100%|██████████| 8/8 [00:00<00:00, 2666.65it/s]


In [175]:
import os
os.system('python -m spacy init fill-config tagger_config.cfg config.cfg')

0

In [176]:
import os
os.system('python -m spacy train config.cfg --output ./output --paths.train ./train.spacy --paths.dev ./train.spacy')

0

testing

In [20]:
nlp = spacy.load("./output/model-best")
TEST_DATA = [
    "The grass is green.",
    "the blue carpet is beautifully shinning",
    "The sky is blue.",
    "the color of the sky was red because of the flames",
    "that room walls were painted in half gray and half white",
    "The sun is bright."
]

for text in TEST_DATA:
        doc = nlp(text)
        spacy.displacy.render(doc, style="ent", jupyter=True)

# old training method

In [13]:
import random
from pathlib import Path
import spacy
from spacy.training.example import Example


TRAIN_DATA = [
    ("The sky is blue", {"entities": [(11, 15, "COLOR")]}),
    ("She wore a red dress", {"entities": [(11, 14, "COLOR")]}),
    ("The car is painted in green", {"entities": [(22, 27, "COLOR")]}),
    ("The sunsets are often orange", {"entities": [(22, 28, "COLOR")]}),
    ("The flag is red, white, and blue", {"entities": [(12, 15, "COLOR"), (17, 22, "COLOR"), (28, 32, "COLOR")]}),
    ("The room was painted in shades of gray", {"entities": [(34, 38, "COLOR")]}),
    ("The sky can be beautifully pink during sunsets", {"entities": [(27, 31, "COLOR")]}),
    ("The leaves turn yellow in the fall", {"entities": [(16, 22, "COLOR")]}),
]

In [1]:
nlp = spacy.blank('en')

ner = nlp.add_pipe('ner')

for _, annotations in TRAIN_DATA:
    for ent in annotations.get('entities'):
            ner.add_label(ent[2])

other_pipes = [pipe for pipe in nlp.pipe_names if pipe != 'ner']

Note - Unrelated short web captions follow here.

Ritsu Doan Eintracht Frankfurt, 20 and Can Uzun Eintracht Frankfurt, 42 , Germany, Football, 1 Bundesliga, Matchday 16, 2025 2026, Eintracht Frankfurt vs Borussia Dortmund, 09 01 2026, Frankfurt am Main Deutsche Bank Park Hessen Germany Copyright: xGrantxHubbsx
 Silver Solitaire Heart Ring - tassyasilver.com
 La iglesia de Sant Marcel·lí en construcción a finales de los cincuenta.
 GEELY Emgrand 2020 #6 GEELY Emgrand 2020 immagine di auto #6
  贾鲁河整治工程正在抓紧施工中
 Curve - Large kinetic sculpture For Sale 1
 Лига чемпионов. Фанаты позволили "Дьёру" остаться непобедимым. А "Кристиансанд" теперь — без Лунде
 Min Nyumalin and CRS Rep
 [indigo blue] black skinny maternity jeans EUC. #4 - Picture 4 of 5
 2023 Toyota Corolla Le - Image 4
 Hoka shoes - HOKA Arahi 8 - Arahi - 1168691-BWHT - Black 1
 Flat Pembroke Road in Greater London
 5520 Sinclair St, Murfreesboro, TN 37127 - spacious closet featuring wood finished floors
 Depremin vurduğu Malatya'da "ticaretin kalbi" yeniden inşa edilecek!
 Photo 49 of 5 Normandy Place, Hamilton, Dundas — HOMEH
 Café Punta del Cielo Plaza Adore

NameError: name 'spacy' is not defined

In [15]:
examples = []
for input_data, annot in TRAIN_DATA:
    doc = nlp.make_doc(input_data)
    example = Example.from_dict(doc, annot)
    examples.append(example)

with nlp.disable_pipes(*other_pipes):  # only train NER
    optimizer = nlp.begin_training()
    for itn in range(20):
        random.shuffle(examples)
        losses = {}
        for example in examples:
            nlp.update(
                [example],
                drop=0.5, # dropout-make it harder to memorise data
                sgd=optimizer, # callable to update weights
                losses=losses)

nlp.to_disk("./model_ner_old")

In [16]:
nlp = spacy.load("./model_ner_old")
for text, _ in TRAIN_DATA:
        doc = nlp(text)
        spacy.displacy.render(doc, style="ent", jupyter=True)

# Training a POS Tagger

 ner tagger to recognize a new entity label called “COLOR”

In [27]:
import random
from pathlib import Path
from spacy.pipeline.ner import Config
import spacy
from spacy.training.example import Example

TAG_MAP = {
    'NNS': {'pos': 'NNS'},
    'any': {'pos': 'any'}
}

TRAIN_DATA = [
    ("there is many students in this class they'll pass student by student", {'tags': ['any', 'any', 'any', 'NNS', 'any', 'any', 'any', 'any', 'any', 'any', 'any', 'any', 'any']}),
    ("There are several books on the shelf and they'll read book by book",{"tags": ['any', 'any', 'any', 'NNS', 'any', 'any', 'any', 'any', 'any', 'any', 'any', 'any', 'any', 'any']}),
    ("There are many cats in the park", {"tags": ["any", "any", "any", "NNS", "any", "any", "any"]}),
    ("She has two dogs at home", {"tags": ["any", "any", "any", "NNS", "any", "any"]}),
    ("She has one dog at home", {"tags": ["any", "any", "any", "any", "any", "any"]}),
    ("there is a cat in the garden", {"tags": ["any", "any", "any", "any", "any", "any", "any"]}),
    ("There are multiple houses in the neighborhood", {"tags": ["any", "any", "any", "NNS", "any", "any", "any"]}),
    ("The kids play with colorful balls in the park", {"tags": ["any", "NNS", "any", "any", "any", "NNS", "any", "any", "any"]}),
    ("She has three cats and four dogs at home", {"tags": ["any", "any", "any", "NNS", "any", "any", "NNS", "any", "any"]}),
    ("We saw some birds in the sky", {"tags": ["any", "any", "any", "NNS", "any", "any", "any"]}),
    ("The students are studying for their exams", {"tags": ["any", "NNS", "any", "any", "any", "any", "NNS"]}),
    ("I counted the apples and there are twenty", {"tags": ["any", "any", "any", "NNS", "any", "any", "any", "any"]}),

]

nlp = spacy.blank("en")
# Create a new NER component
tagger = nlp.add_pipe("tagger")

# Add the labels to the tagger
for tag, values in TAG_MAP.items():
    tagger.add_label(tag)



In [30]:

examples = []

for input_data, annot in TRAIN_DATA:
    doc = nlp.make_doc(input_data)
    example = Example.from_dict(doc, annot)
    examples.append(example)

nlp.initialize(lambda: examples)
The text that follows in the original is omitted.